What you will do.
Where an entry holds an image, skip the image but reproduce the rest word for word.

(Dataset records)

=== Begin Enclosure ===

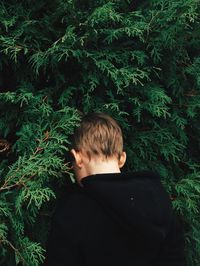 Rear view of boy standing by tree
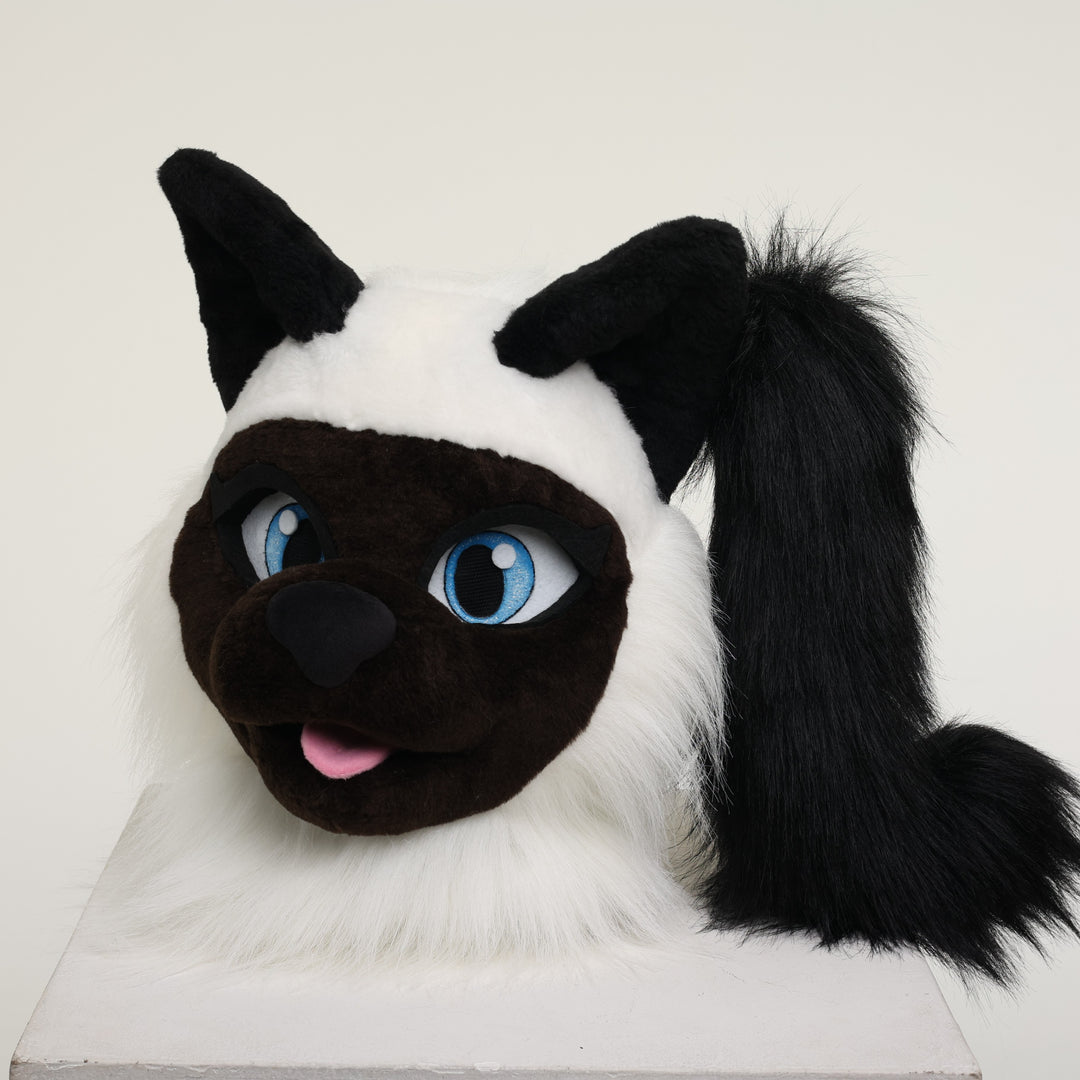 Siamese cat fursuit head and tail 4"9 (145cm)-5"9 (176cm)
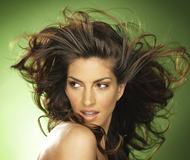 Dawn_Olivieri-Heroes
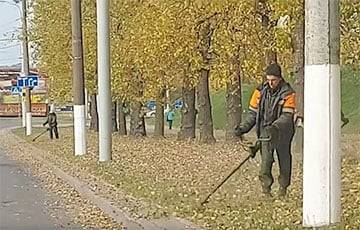 Андрей Козлов - В ЖКХ «объяснили», почему коммунальщики так часто косят опавшие листья и снег - charter97.org - Белоруссия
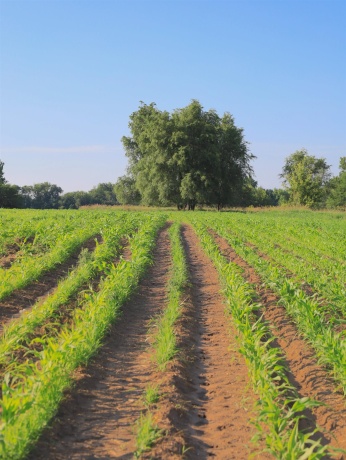 000 Todd, OHIO, Illinois 61349, ,Land,For Sale,Todd,202604239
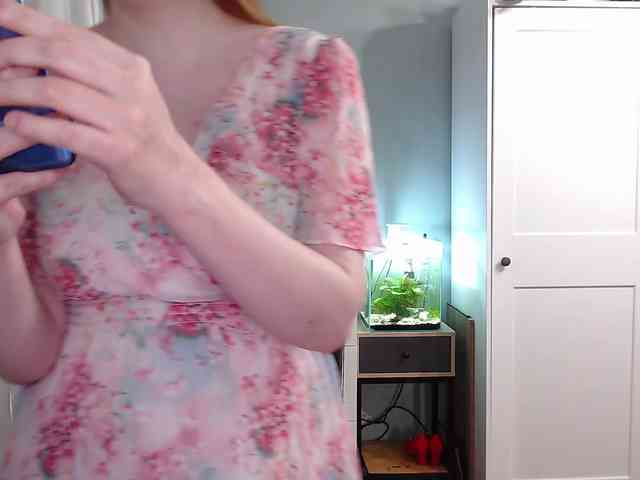 missInari webcam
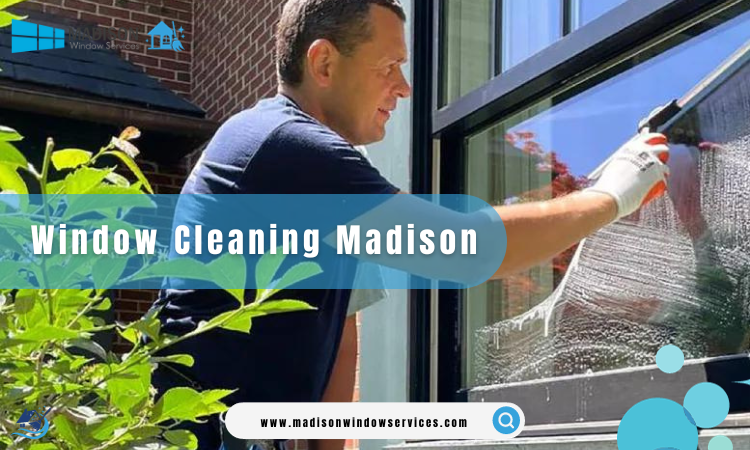 Window cleaning madison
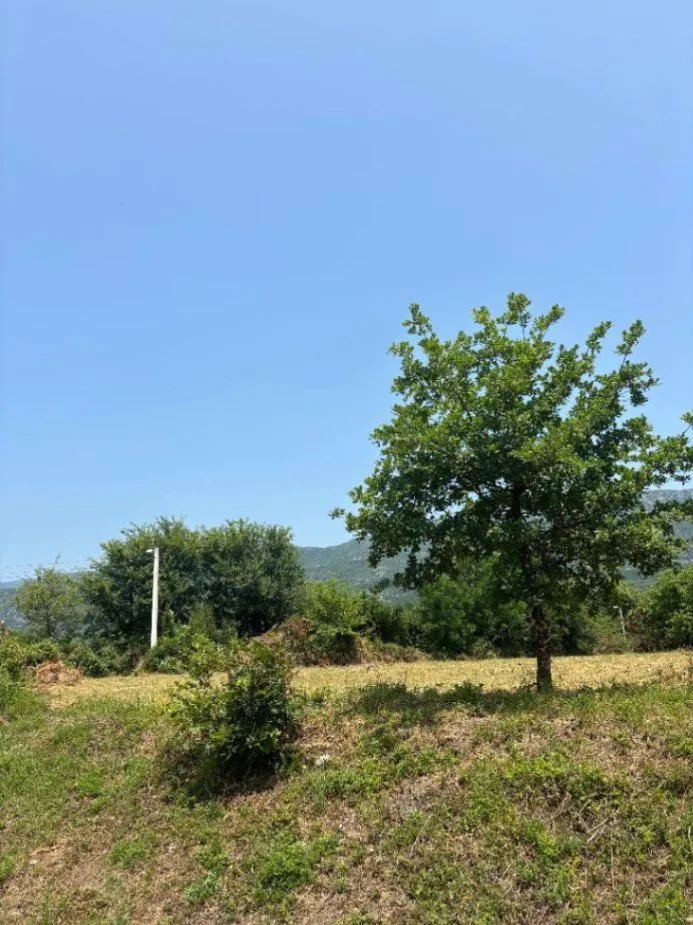 Prodaja, plac, 2400m², Pričelje, Podgorica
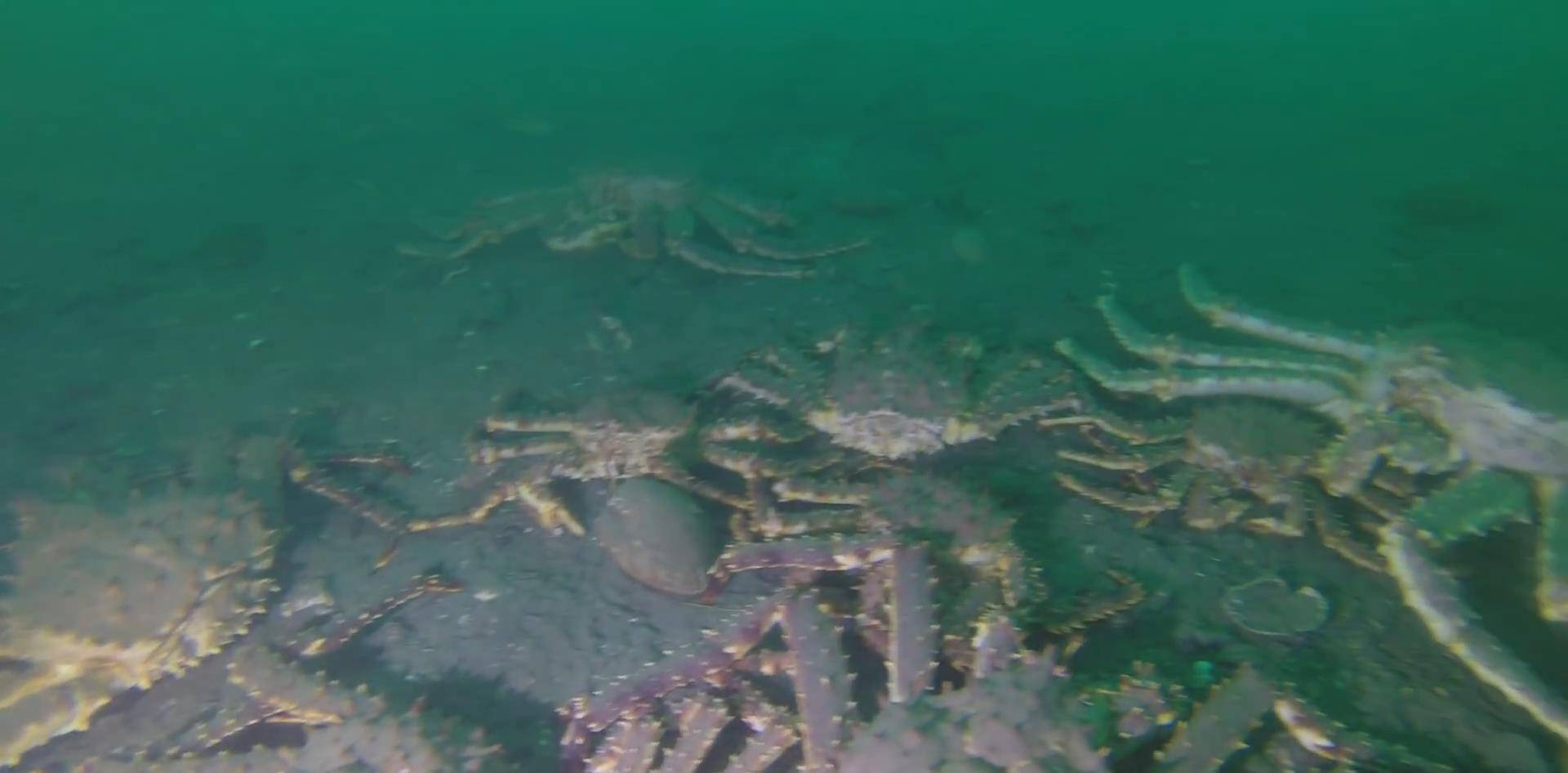 5000万帝王蟹在海底泛滥,每吃一只帝王蟹,就是在拯救地球?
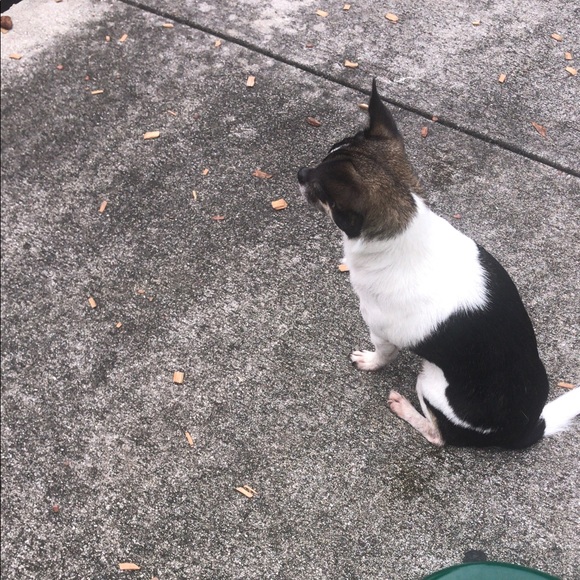 Meet your Posher, Darling - Picture 1 of 1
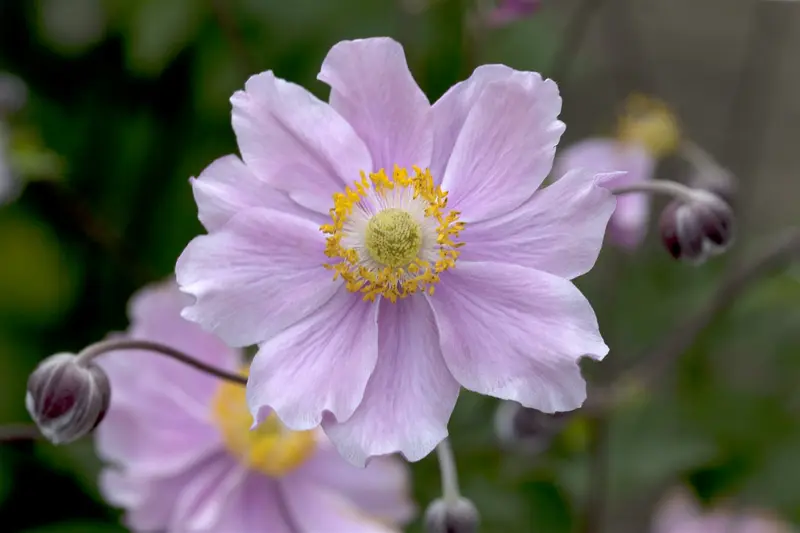 anemone hup. 'september charm' P11 - afbeelding 1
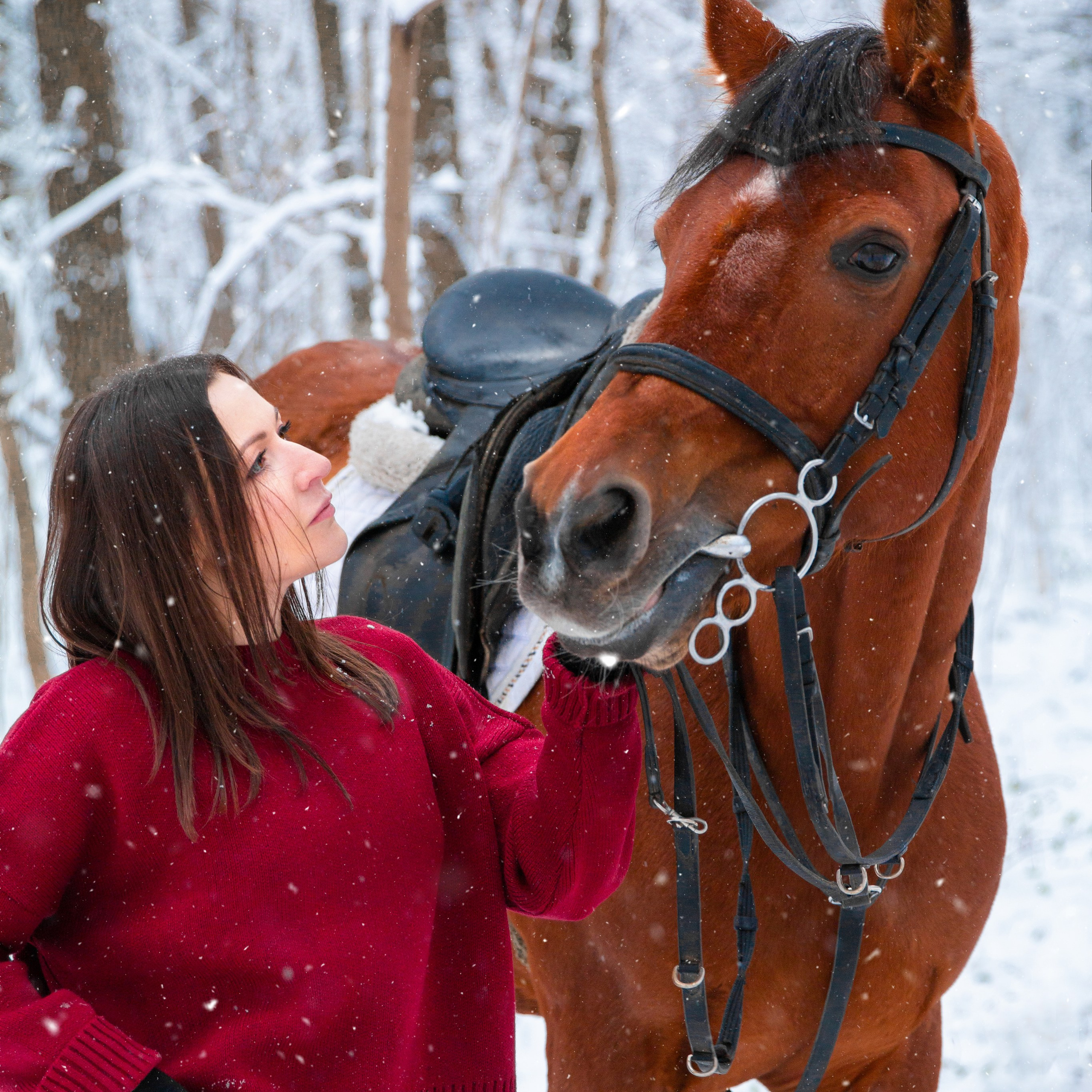 Фотосессии с лошадьми в Москве и Московской области. Конный фотограф Алеся Нечаева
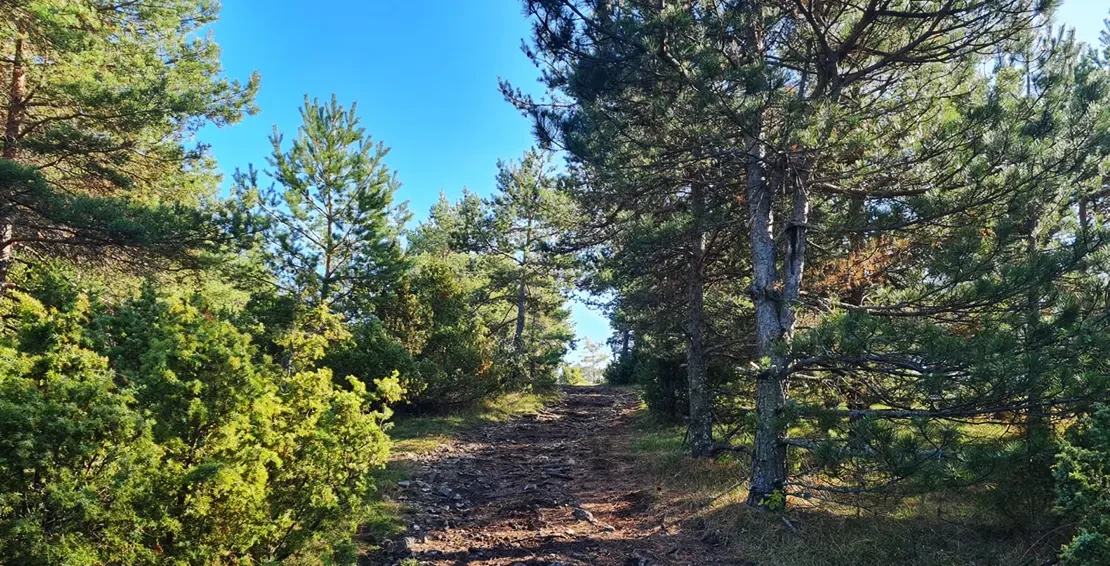 Planinarske ture na planini Goč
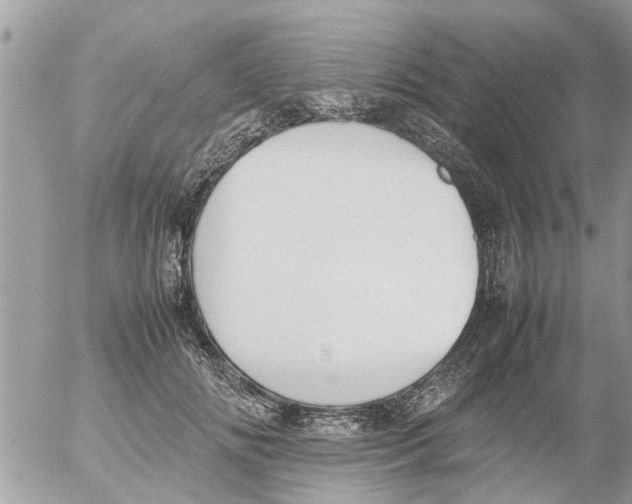 X0000054430702200508262347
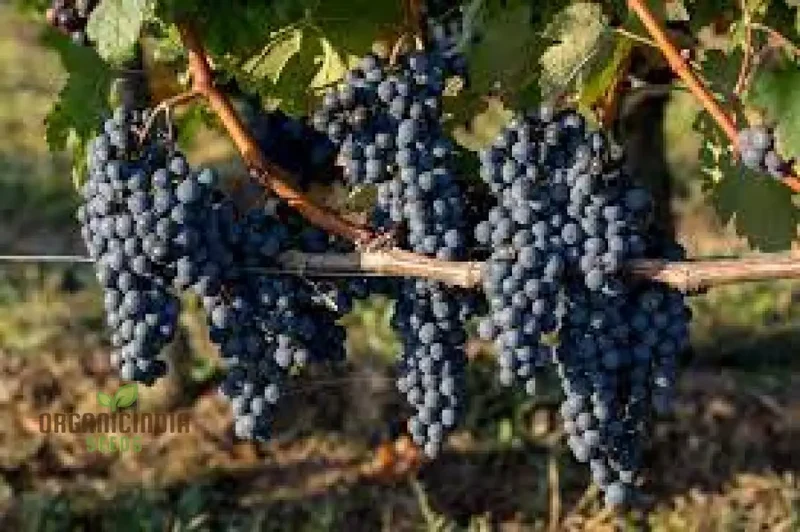 Grape Fruit Seeds for Planting, Enhance Your Garden with Fresh Grape Fruit Seeds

=== End Enclosure ===

Task output.
 Rear view of boy standing by tree
 Siamese cat fursuit head and tail 4"9 (145cm)-5"9 (176cm)
 Dawn_Olivieri-Heroes
 Андрей Козлов - В ЖКХ «объяснили», почему коммунальщики так часто косят опавшие листья и снег - charter97.org - Белоруссия
 000 Todd, OHIO, Illinois 61349, ,Land,For Sale,Todd,202604239
 missInari webcam
 Window cleaning madison
 Prodaja, plac, 2400m², Pričelje, Podgorica
 5000万帝王蟹在海底泛滥,每吃一只帝王蟹,就是在拯救地球?
 Meet your Posher, Darling - Picture 1 of 1
 anemone hup. 'september charm' P11 - afbeelding 1
 Фотосессии с лошадьми в Москве и Московской области. Конный фотограф Алеся Нечаева
 Planinarske ture na planini Goč
 X0000054430702200508262347
 Grape Fruit Seeds for Planting, Enhance Your Garden with Fresh Grape Fruit Seeds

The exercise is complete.